Sony’s also preloaded a bunch of software goodies like Vaio Clip for saving image snapshots, Vaio Paper for note-taking, and Vaio Care for maintenance and diagnostics. The Vaio Control Center is a utility that gives you useful system info and the ability to save different network profiles for separate networks you may connect to at work or at home. There’s also Sony Jive that offers free music downloads for three months. Third-party offerings included cover ArcSoft Camera, Gaana and Bigflix for movies.
Breezy performance, but a few tiny gripes
In terms of performance, the low-voltage processor isn’t really a powerhouse, but thankfully, the SSD storage it uses keeps things quite smooth and we didn’t face any performance hiccups. The screen is extremely crisp and vibrant, if only a tad too reflective for our liking. Full HD videos play smoothly, but tend to make the laptop a little hot – not uncomfortably so, if we may add. This however, makes the fan spin up audibly and mars the experience a tad. The 8-megapixel camera is a bit of a letdown, but we’ll not really hold this against it as a 13-inch tablet isn’t our idea of a useful shooter you can whip out at a moment’s notice and take spur-of-the-moment shots. The real bummer is the so-so battery life – expect about five to six hours of use on a single charge if you’re mainly running productivity-related tasks. Push the hybrid further towards the heavy stuff and the battery life you get will drop substantially.
As far as usability is concerned, we love the large touchpad that supports multi-touch gestures, but the keyboard could be an issue for some, at least till the time you get accustomed to it. While the keys are spaced out well, they lack the depth required for comfortable typing. As we mentioned earlier though, a little bit of patience and spending some time using it should take care of this, but it’s still worth making a note of. One thing that certainly bodes well for it overall is the small power brick – not only is it compact and lightweight, it also features a USB port that can be used to charge your smartphone and other USB-powered gadgets. Handy if you're travelling and don't want to lug around different chargers with you.
Vaio, which actually stands for Video Audio Integrated Operation, later changed to Visual Audio Intelligent Organizer, is truly an iconic brand. It’s hard not to think of its impending sale to a Japanese investment fund as we write this, but there’s still some time till that deal reaches its conclusion. Keeping that aside, the Vaio Flip 13 manages to impress us for the most part. While it does have a few issues such as low connectivity and an average battery life, it scores on looks, build quality and an innovative design that promises versatility.

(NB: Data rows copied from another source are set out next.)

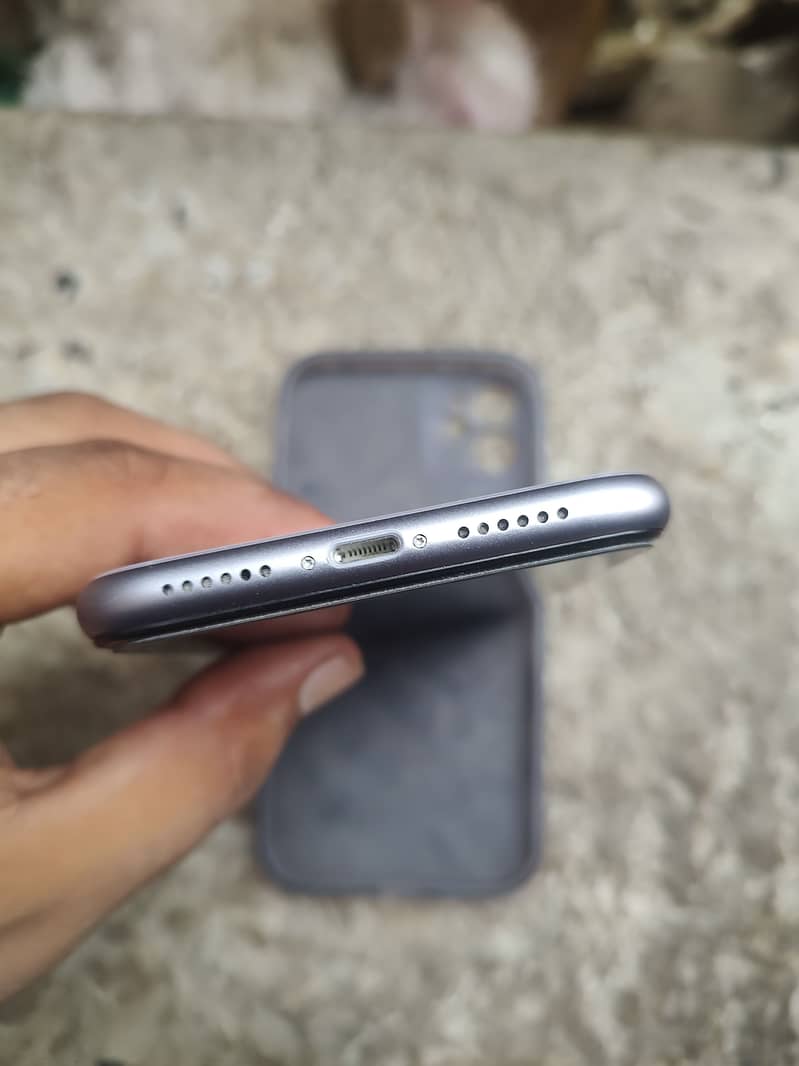Apple iPhone 11 5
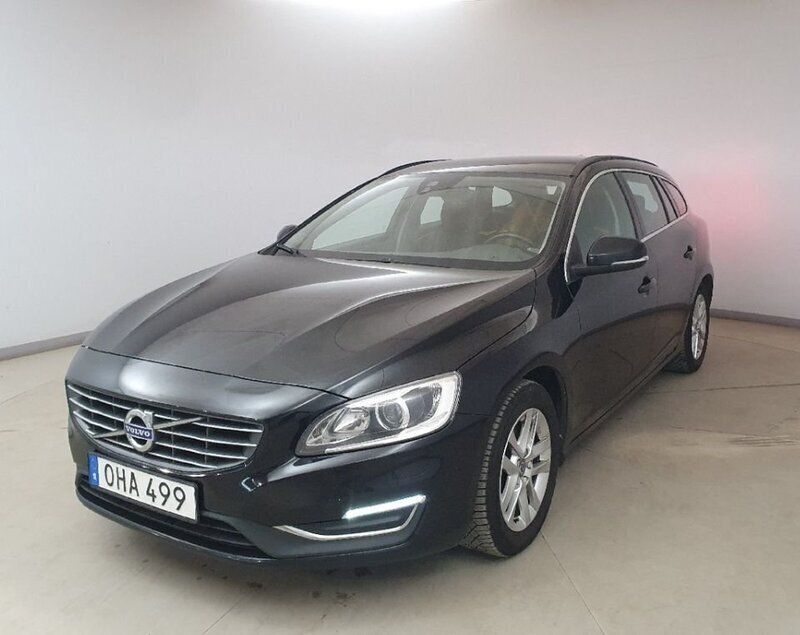 Svart Begagnad 2017 Volvo V60 Momentum Kombi | 119 900 kr - Bild 1/4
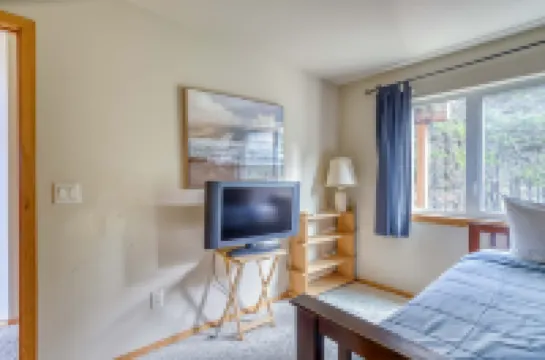 Light-Filled Home with Ocean and Forest Views - Spacious Coastal Retreat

Rs 1 lakh is a lot of money to pay, but it’s a Sony after all (for now at least) and what you’re paying for is the brand appeal, along with the innovation this device offers. Early buyers also get a free pair of headphones worth Rs 12,990, free one-year accidental damage cover and extended two-year warranty at a discount. Of course, it’d only make sense to consider it if you intend to make use of its full flip capabilities. If not however, Sony’s own Vaio Pro 13 that offers similar specs but without the flip design could be a better bet, since it’s priced lower at Rs 84,990. If versatility and flaunt-worthy design are what you’re looking for though, we can definitely recommend the Vaio Flip 13.